Exercise data ->
• • • • •
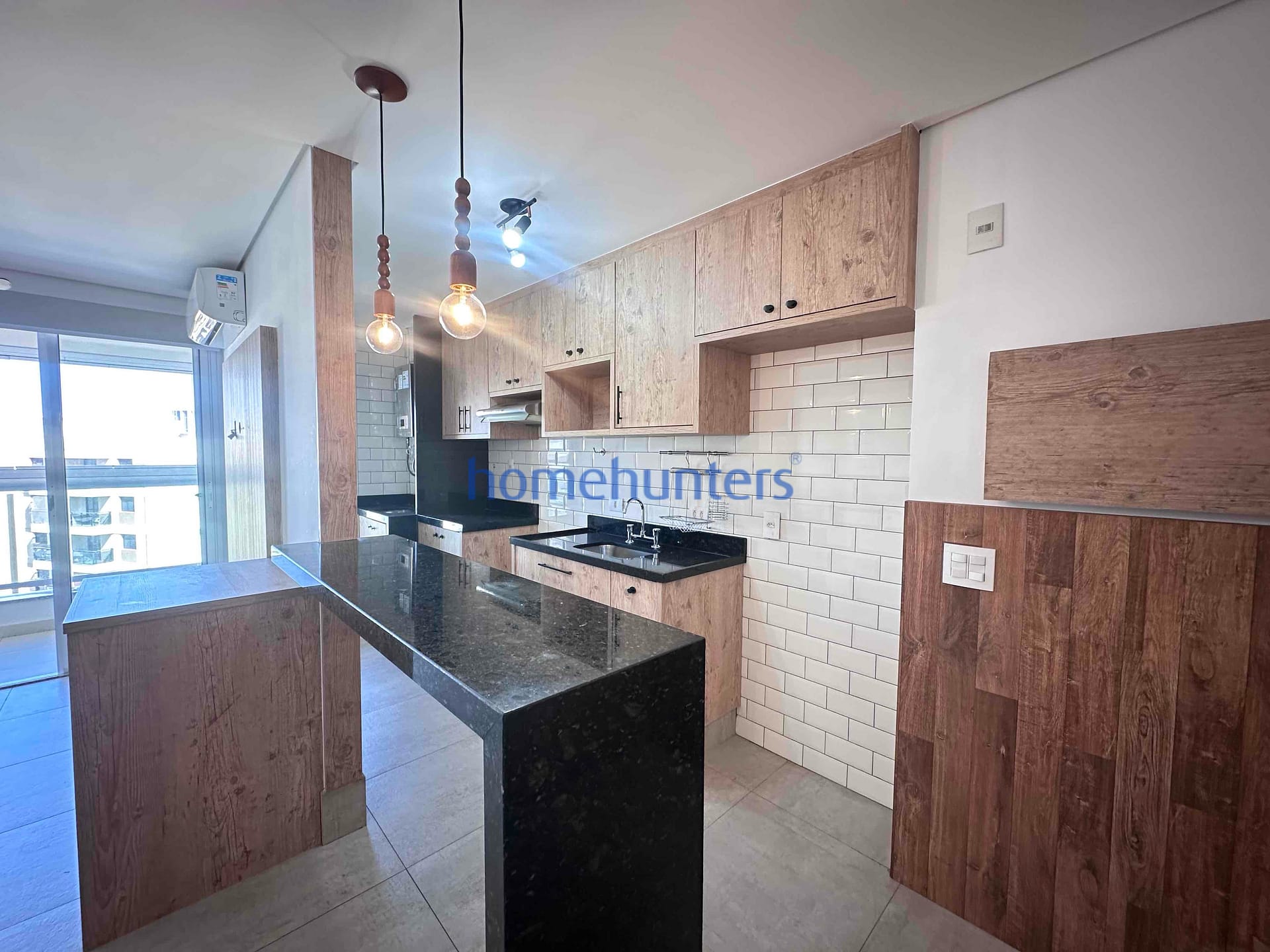 Apartamento à venda com 2 quartos, 61m² - Foto 4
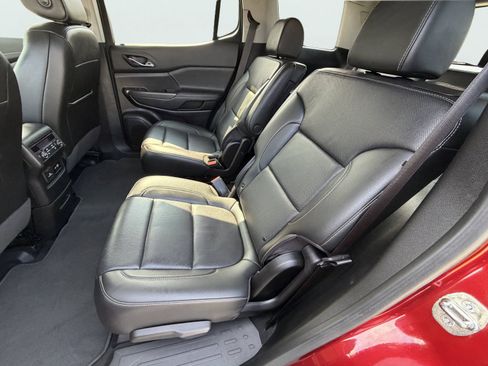 Used 2023 GMC Acadia SLT w/ Preferred Package AWD/4WD image 13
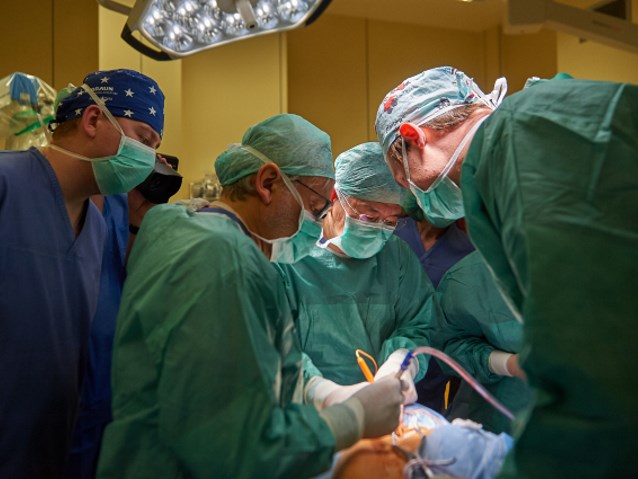 Chirurdzy na sali operacyjnej operują pacjenta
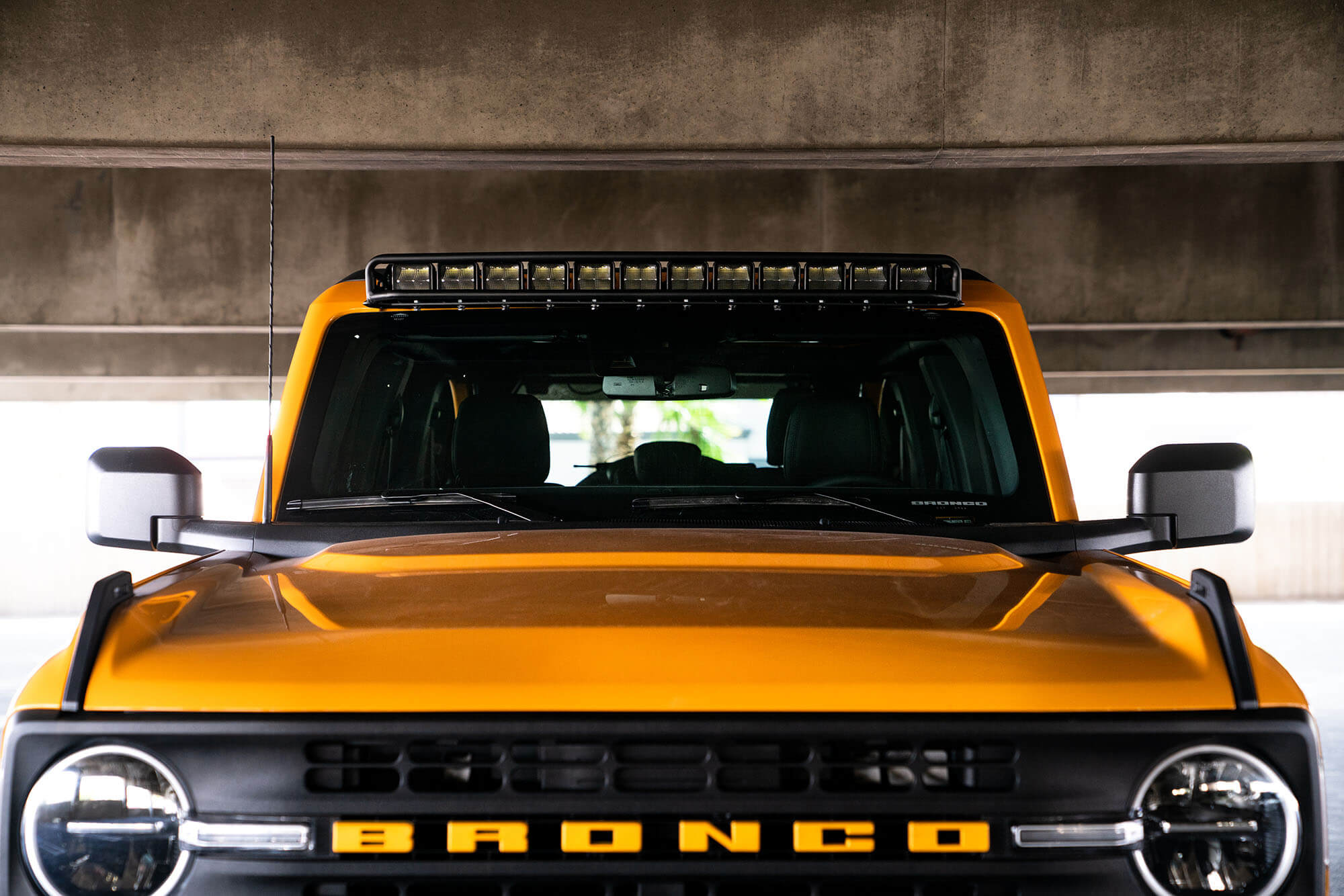 Ford Bronco 40-Inch Curved Light Bar Mount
• • • • •
Your goal ->
For the material above, repeat each line exactly and leave out the pictures.

Solution below ->
 Apartamento à venda com 2 quartos, 61m² - Foto 4
 Used 2023 GMC Acadia SLT w/ Preferred Package AWD/4WD image 13
 Chirurdzy na sali operacyjnej operują pacjenta
 Ford Bronco 40-Inch Curved Light Bar Mount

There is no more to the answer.